(Task brief): Go through the listing and pick out each line with the word "your" in it.

(Entries supplied):
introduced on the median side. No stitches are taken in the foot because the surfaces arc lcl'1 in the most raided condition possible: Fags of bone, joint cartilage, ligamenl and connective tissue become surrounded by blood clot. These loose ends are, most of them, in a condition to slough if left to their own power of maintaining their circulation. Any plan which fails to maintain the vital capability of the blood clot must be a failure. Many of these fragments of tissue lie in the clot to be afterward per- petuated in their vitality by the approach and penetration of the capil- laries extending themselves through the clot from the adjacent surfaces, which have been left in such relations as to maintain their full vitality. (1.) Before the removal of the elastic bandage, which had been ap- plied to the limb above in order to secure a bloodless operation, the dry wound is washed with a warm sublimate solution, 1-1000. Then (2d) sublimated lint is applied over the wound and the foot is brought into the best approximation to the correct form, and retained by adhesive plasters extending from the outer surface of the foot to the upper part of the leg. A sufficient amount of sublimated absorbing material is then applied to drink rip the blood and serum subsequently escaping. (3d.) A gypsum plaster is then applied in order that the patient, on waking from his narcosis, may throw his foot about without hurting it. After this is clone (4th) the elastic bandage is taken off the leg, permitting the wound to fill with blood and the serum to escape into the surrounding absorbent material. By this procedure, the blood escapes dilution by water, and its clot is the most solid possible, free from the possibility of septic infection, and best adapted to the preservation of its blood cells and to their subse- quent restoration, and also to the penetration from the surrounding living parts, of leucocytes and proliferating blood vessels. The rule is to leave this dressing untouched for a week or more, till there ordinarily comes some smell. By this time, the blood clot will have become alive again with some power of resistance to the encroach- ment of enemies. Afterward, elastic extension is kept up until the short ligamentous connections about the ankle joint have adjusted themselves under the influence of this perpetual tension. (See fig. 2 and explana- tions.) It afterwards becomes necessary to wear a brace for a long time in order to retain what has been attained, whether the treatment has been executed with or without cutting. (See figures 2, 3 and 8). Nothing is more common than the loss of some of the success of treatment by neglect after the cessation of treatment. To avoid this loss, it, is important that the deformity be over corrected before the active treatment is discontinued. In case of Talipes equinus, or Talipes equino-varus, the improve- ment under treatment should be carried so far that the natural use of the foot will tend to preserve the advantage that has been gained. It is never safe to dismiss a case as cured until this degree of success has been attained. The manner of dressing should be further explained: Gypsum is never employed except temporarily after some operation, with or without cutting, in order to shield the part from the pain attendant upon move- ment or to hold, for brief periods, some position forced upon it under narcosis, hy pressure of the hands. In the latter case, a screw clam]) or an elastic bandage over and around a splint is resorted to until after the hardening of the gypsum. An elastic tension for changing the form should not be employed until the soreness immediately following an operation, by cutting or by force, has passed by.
==
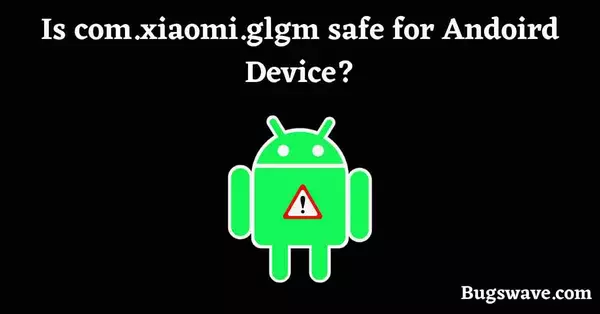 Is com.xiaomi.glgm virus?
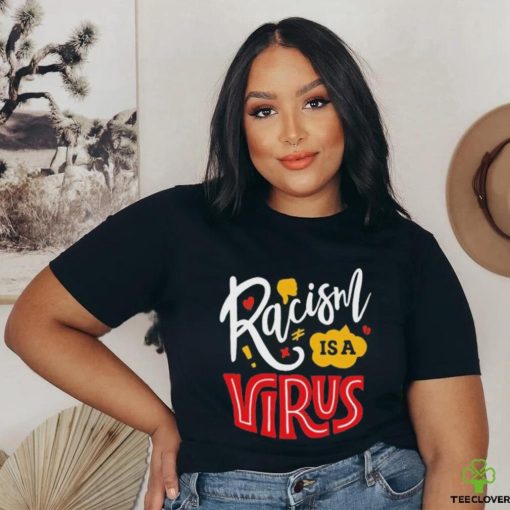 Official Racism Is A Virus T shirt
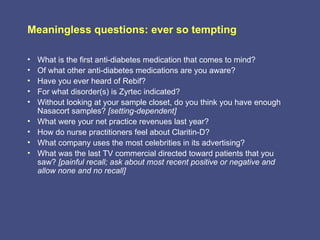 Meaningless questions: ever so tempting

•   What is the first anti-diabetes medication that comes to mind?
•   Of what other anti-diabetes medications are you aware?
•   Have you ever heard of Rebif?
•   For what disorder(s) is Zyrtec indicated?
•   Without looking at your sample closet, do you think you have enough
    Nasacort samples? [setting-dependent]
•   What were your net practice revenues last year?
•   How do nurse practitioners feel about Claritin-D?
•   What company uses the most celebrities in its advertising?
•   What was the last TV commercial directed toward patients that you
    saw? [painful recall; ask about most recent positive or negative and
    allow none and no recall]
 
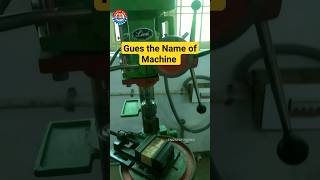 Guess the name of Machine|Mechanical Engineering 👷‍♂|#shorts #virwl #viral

(Completed task):
•   Without looking at your sample closet, do you think you have enough
•   What were your net practice revenues last year?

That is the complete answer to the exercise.